Cohomology groups for spaces of 12-fold tilings

TL;DR

This paper computes the cohomology groups of 12-fold symmetric tilings created by cut and projection, revealing a complex structure that contrasts with the simpler cohomology of 5-fold tilings.

Contribution

It provides a complete description of the cohomology of 12-fold tilings, using detailed analysis of the window and orbit structures, and introduces a 2-parameter family of such tilings.

Findings

Cohomology groups are rich and complex for 12-fold tilings.

The family of 12-fold tilings is parametrized by two parameters.

Compared to 5-fold tilings, 12-fold tilings exhibit more intricate cohomological behavior.

Abstract

We consider tilings of the plane with 12-fold symmetry obtained by the cut and projection method.

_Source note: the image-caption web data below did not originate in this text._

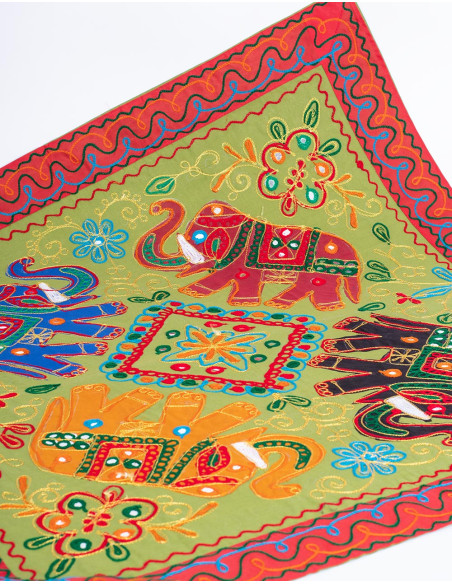 Embroidered Tapestry 4 Elephants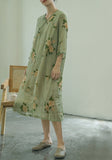 Printed Slanted Double Layer Loose Qipao Cheongsam
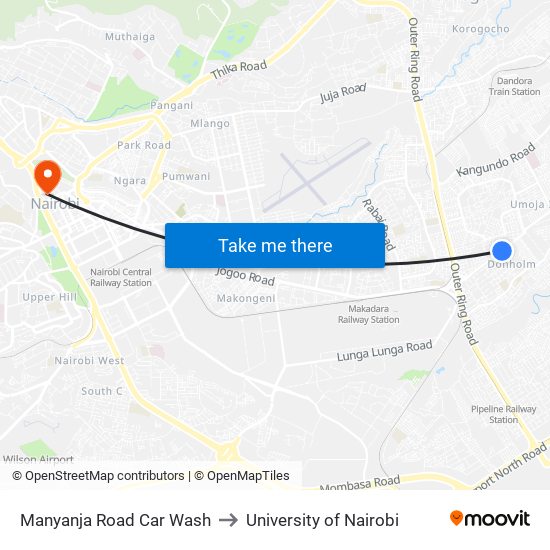 Manyanja Road Car Wash to University of Nairobi map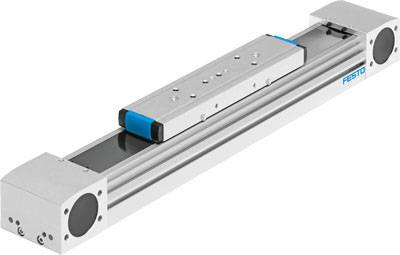 A linear guidance system with a mobile carriage on a rail, industrial design, silver surface, blue detail.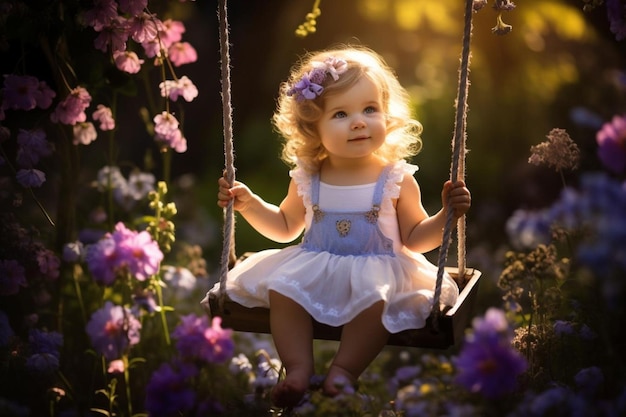 Photo a baby girl dressed as a fairy sitting on a swing baby photos387jpg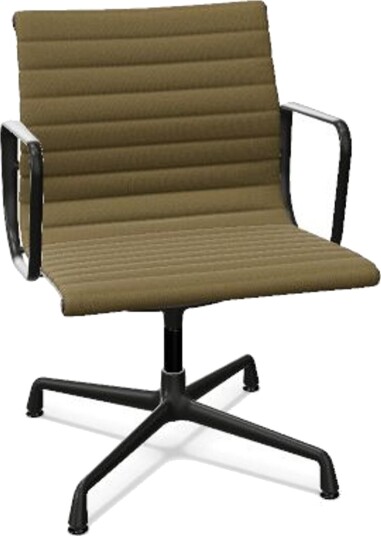 Vitra Aluminium EA 108 Kontorstol Med Sving Hopsak Sennep/Mørk Grå/Dyp Sort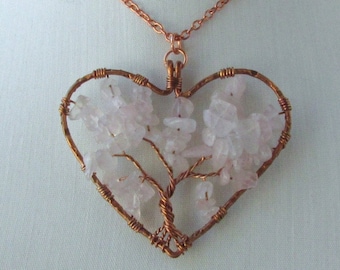 Rose Quartz Tree of Life Pendant, Large Heart Shaped, Natural Copper Wire Wrapped Jewelry, Thoughtful Handcrafted Gift for Women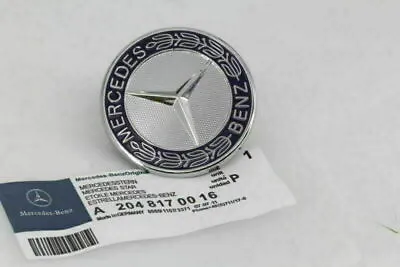 Mercedes-Benz Blue & Silver Flat Front Hood Emblem AMG Badge Logo LAUREL WREATH • $15.99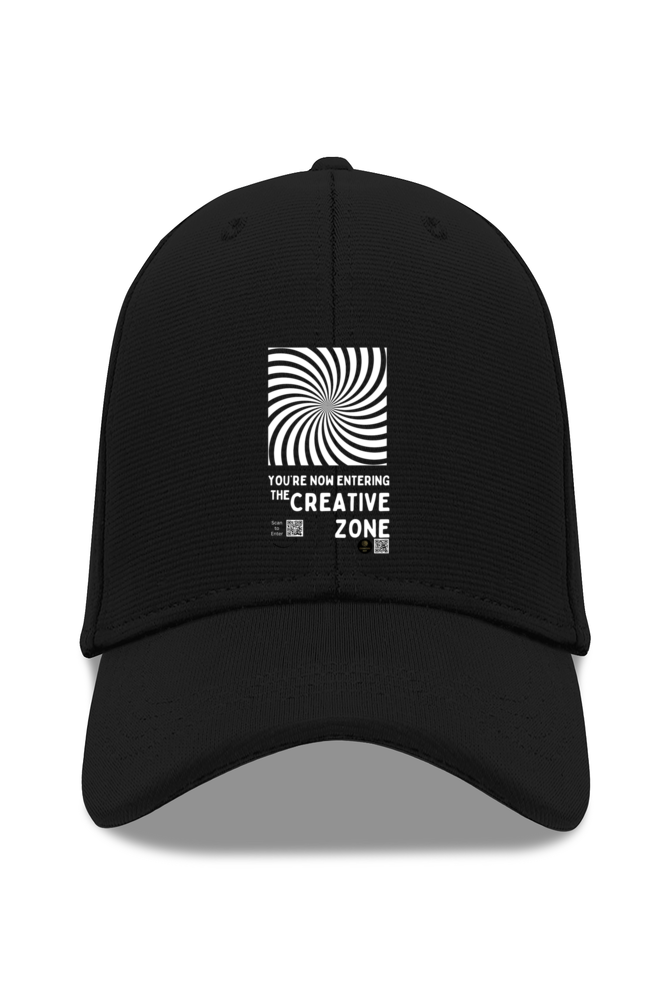 The Creative Zone Black Cap – Adjustable Unisex Baseball Hat with Optical Illusion Design – Motivational Headwear for Creatives, Students & Thinkers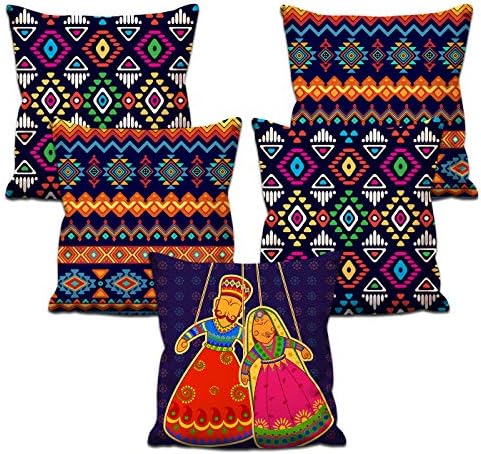 Style Crome Indian Desginer katputli Style Hd Printed Multi Colored Cushion Cover 16" x 16"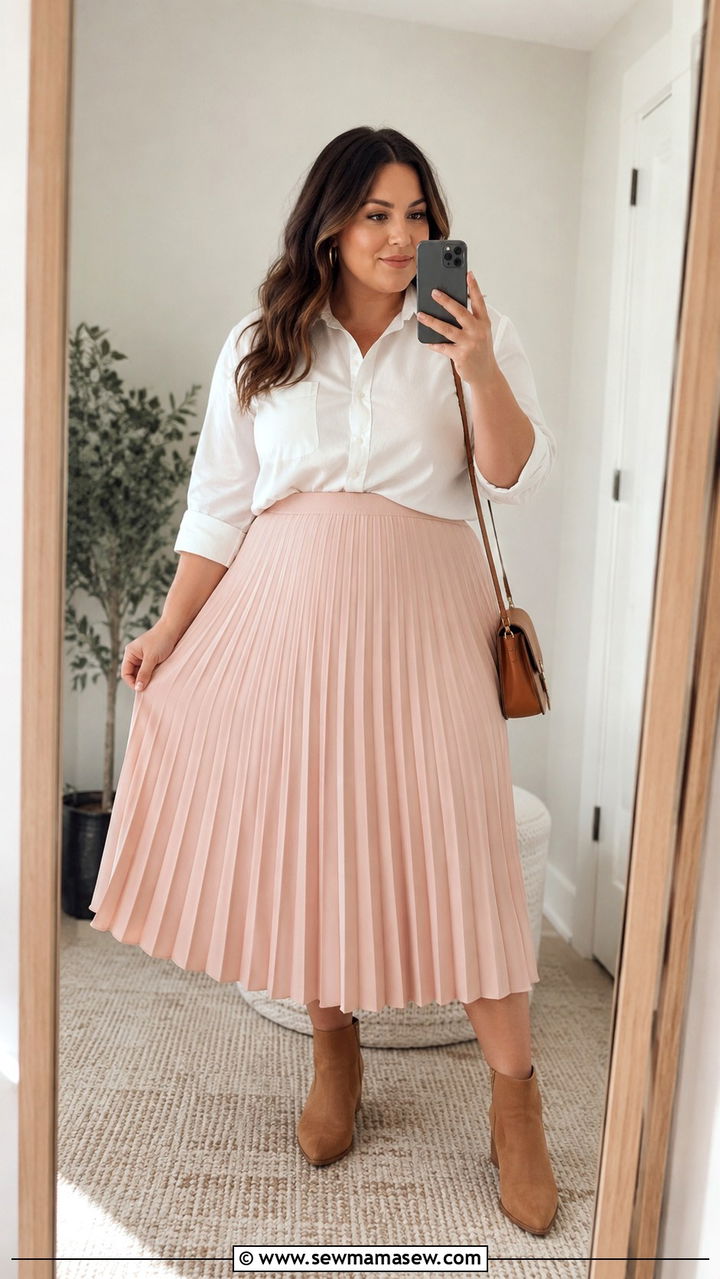 Plus Size Pleated Midi Skirt with Tucked Blouse - 30 Plus size modest outfit ideas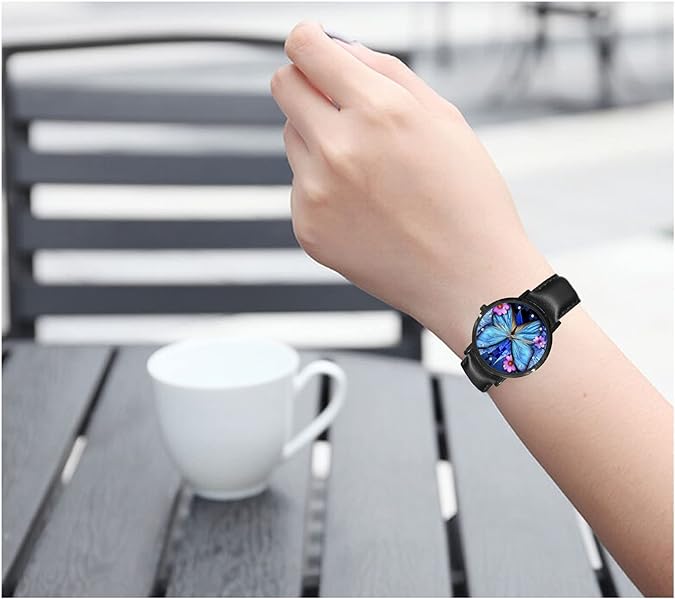 ONE: Wrist Watch for Men and Women Color: Blue Flower Butterfly Pattern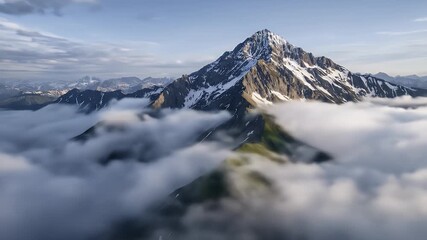 A majestic mountain peak partially shrouded in clouds, surrounded by other peaks, under blue sky - Powered by Adobe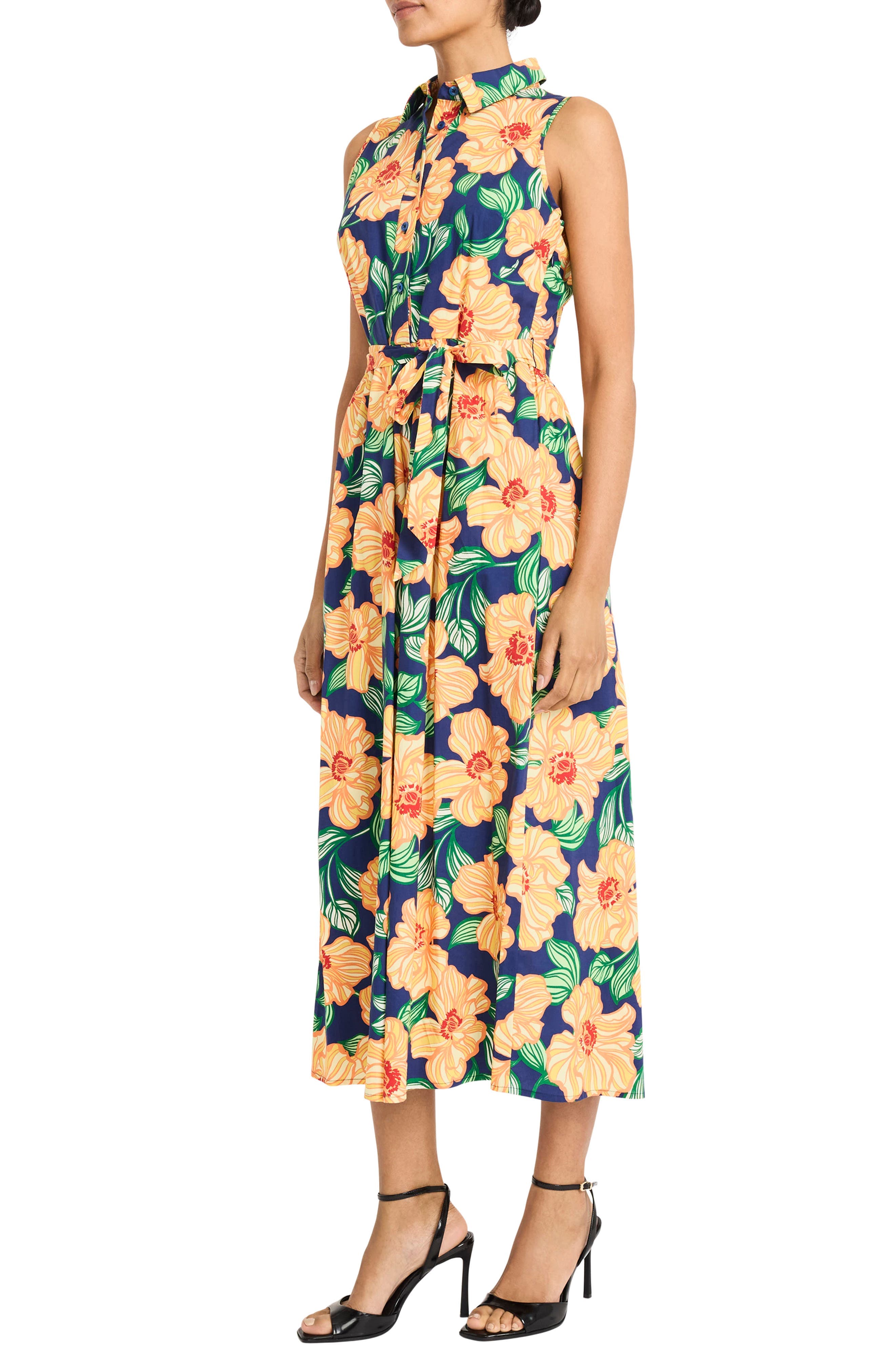 Floral Sleeveless Midi Shirtdress - image 1
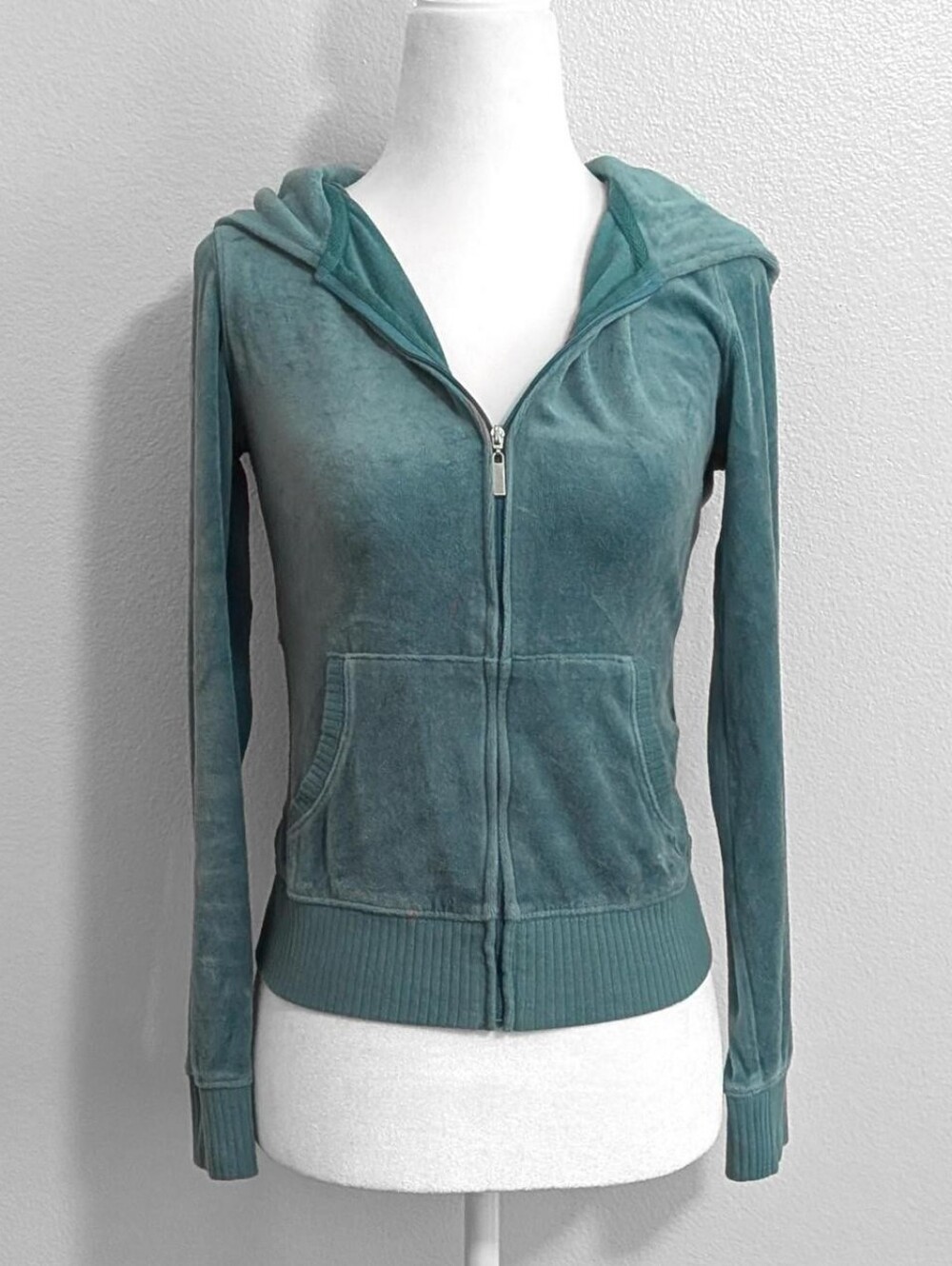 2000s Plush & Lush Y2K Teal Velour Zip-Up Hoodie Loungewear McBling | Size S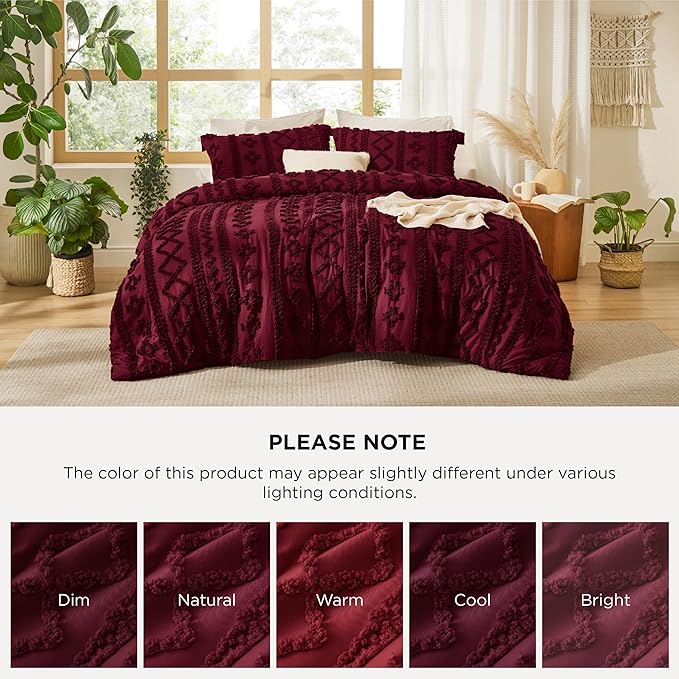 Bedsure Tufted Boho Comforter Set Queen Size - Dark Red Boho Bed Set, GentleSoft™ 3 Pieces Farmhouse Shabby Chic Embroidery Bedding, Gifts for Woman, Soft Jacquard Queen Comforter for All Seasons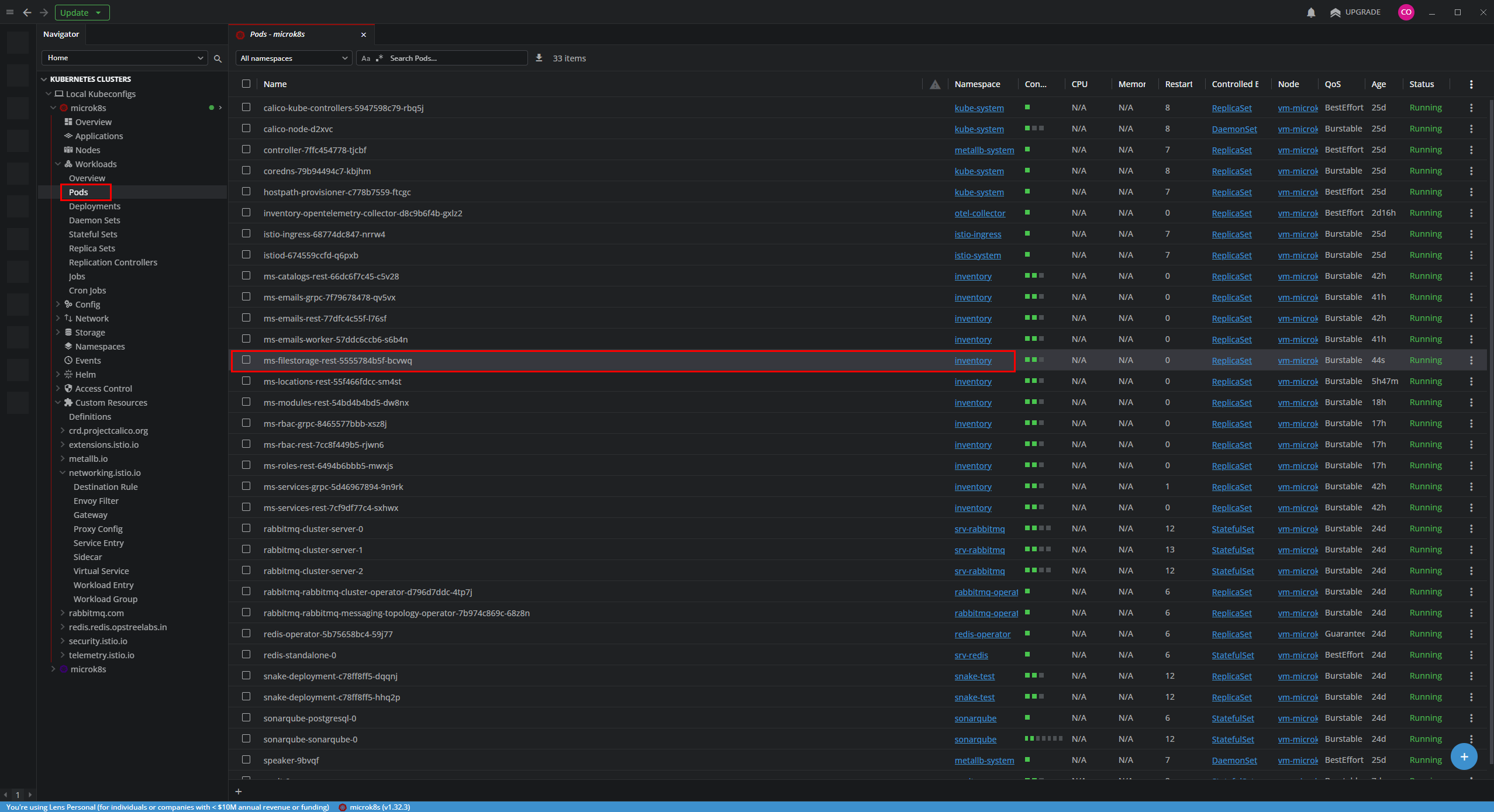 Verificando el pod de ms-filestorage en Lens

We compute their cohomology groups using the techniques introduced by the second author, Hunton and Kellendonk. To do this we completely describe the window, the orbits of lines under the group action and the orbits of 0-singularities. The complete family of generalized 12-fold tilings can be described using 2-parameters and it presents a surprisingly rich cohomological structure. To put this finding into perspective, one should compare our results with the cohomology of the generalized 5-fold tilings (more commonly known as generalized Penrose tilings). In this case the tilings form a 1-parameter family, which fits in simply one of two types of cohomology.